Canada tries to get in front of the housing bubble

Responding to the criticism that Canada may be facing a housing bubble, Jim Flaherty (Canada's finance minister) drastically tightened the nation's mortgage regulation.
WSJ: - The new measures announced Thursday will take effect July 9 and significantly ratchet up lending requirements by banks and other lenders. They cut the maximum mortgage-amortization period to 25 years from 30; reduce the amount of home equity Canadians are eligible to borrow against, to 80% from 85%; and limit taxpayer-backed mortgage insurance to homes worth less than one million Canadian dollars (US$981,000).
There is a reason Canadians are concerned. Household leverage has been rising steadily, hitting another record in Q1. Much of it driven by mortgages.

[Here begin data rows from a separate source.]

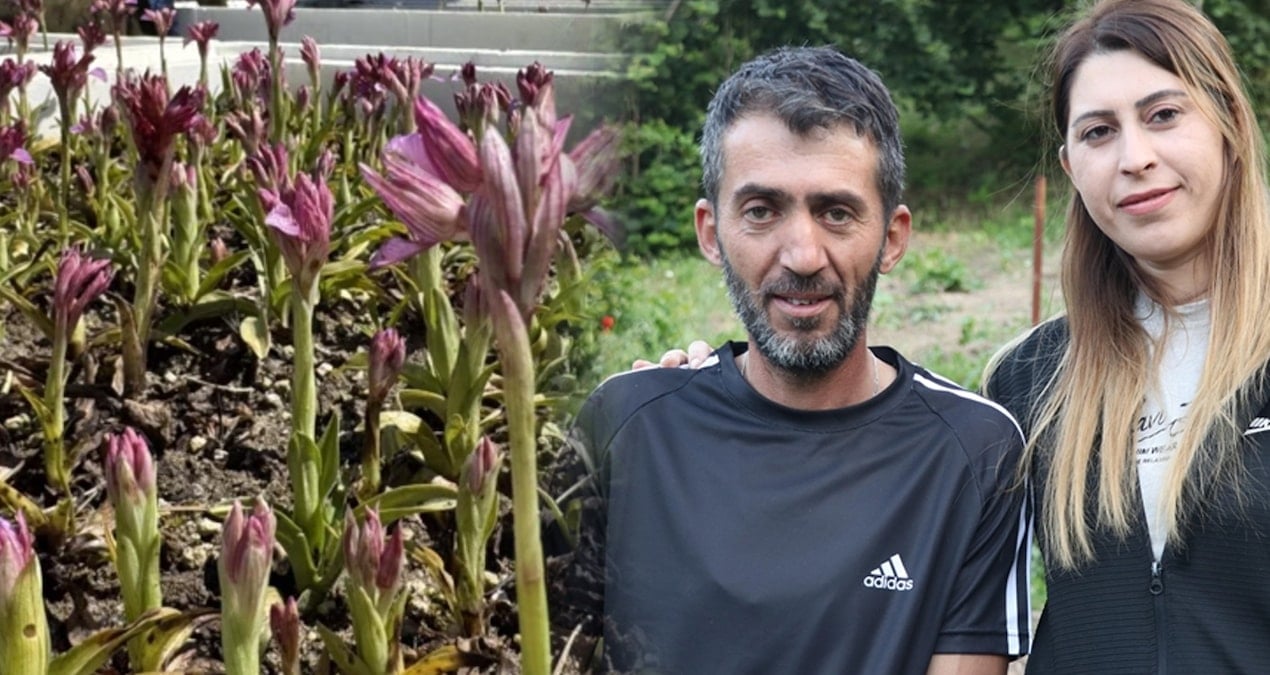 kilosu bin liraya yukseldi hasadi cok verimli ailecek eken servet kazaniyor rKJizK3U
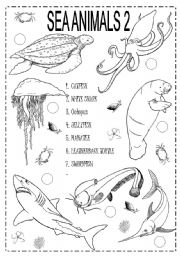 English Worksheet: sea animals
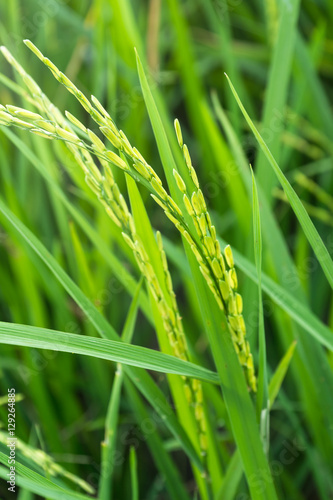 green paddy rice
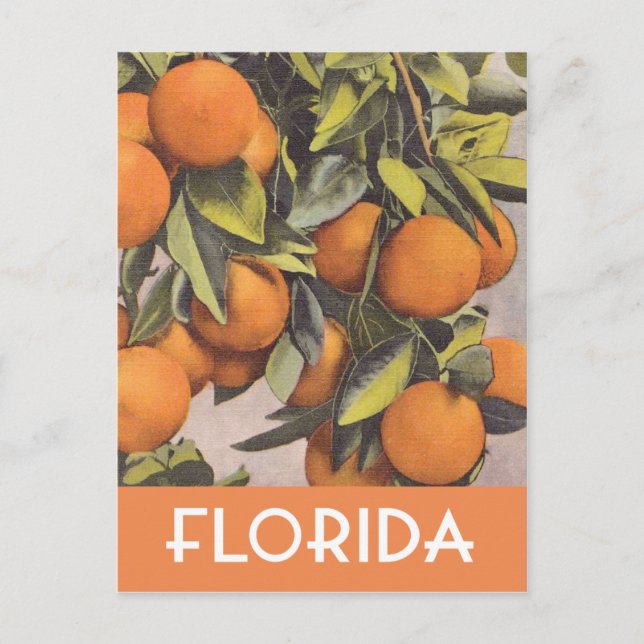 Florida oranges vintage illustration postcard (Front)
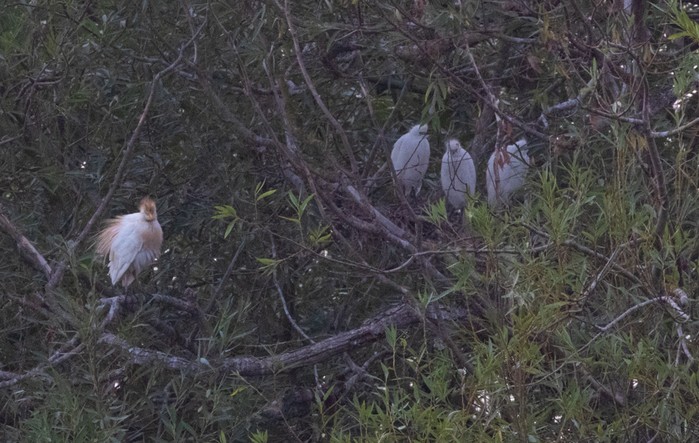 Cattle Egret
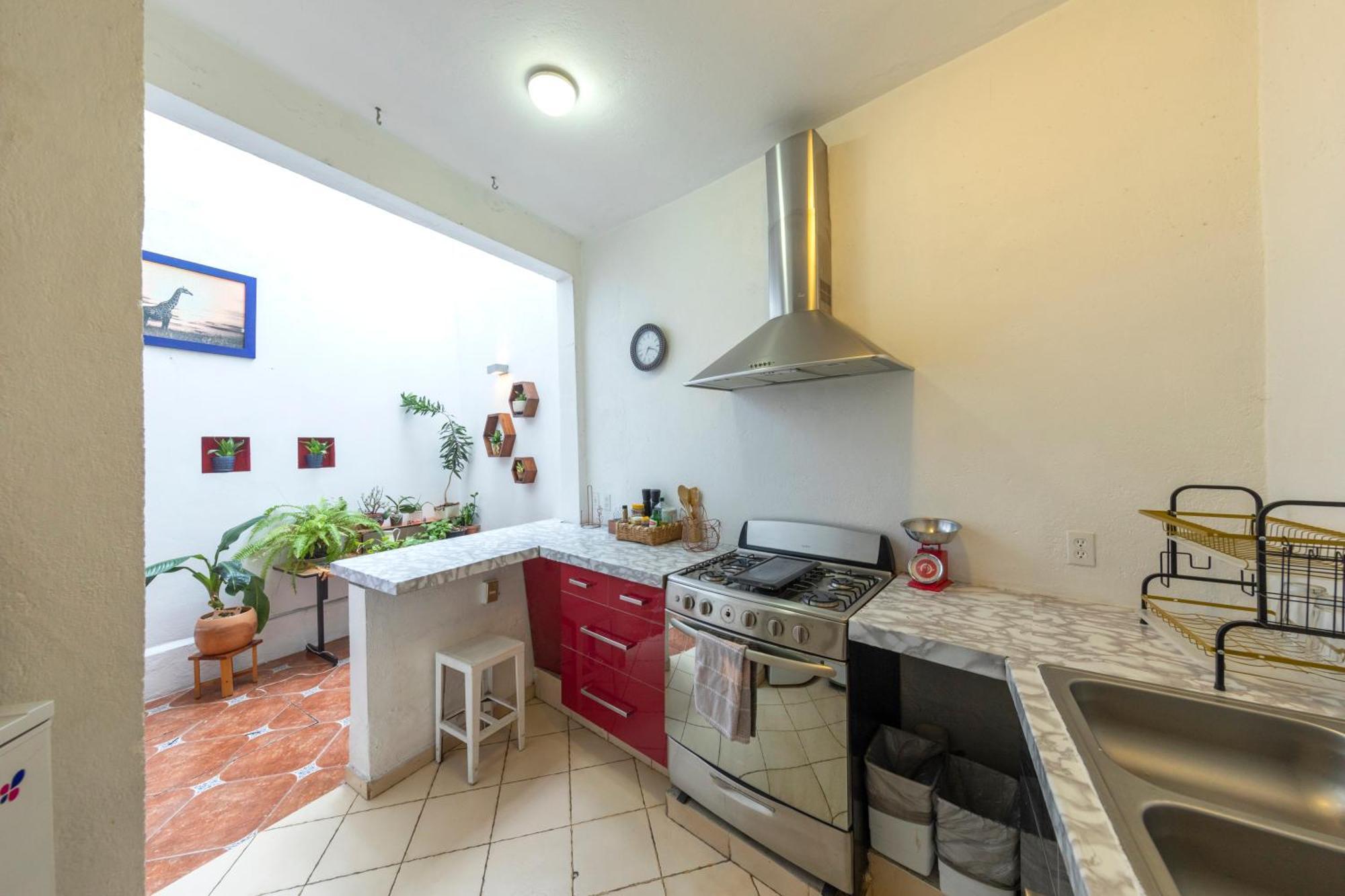 Apartamento Departamentos Mi Querido Coyoacan *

Canada Household Debt to Personal Disposable Income
WSJ: - "I remain concerned about parts of the Canadian residential real-estate market, particularly in Toronto but not only in Toronto," Mr. Flaherty said at a news conference. "That's why we are intervening once again…My judgment is we need to calm the condo market in a few Canadian cities."

He said his decision came after evidence indicated there was "excessive" demand for property in some markets, and in Toronto there was "overbuilding" of condos, which he added was distorting the real-estate market.
This is the right move. If the US authorities took similar steps in 2004-2006, things would have turned out quite differently.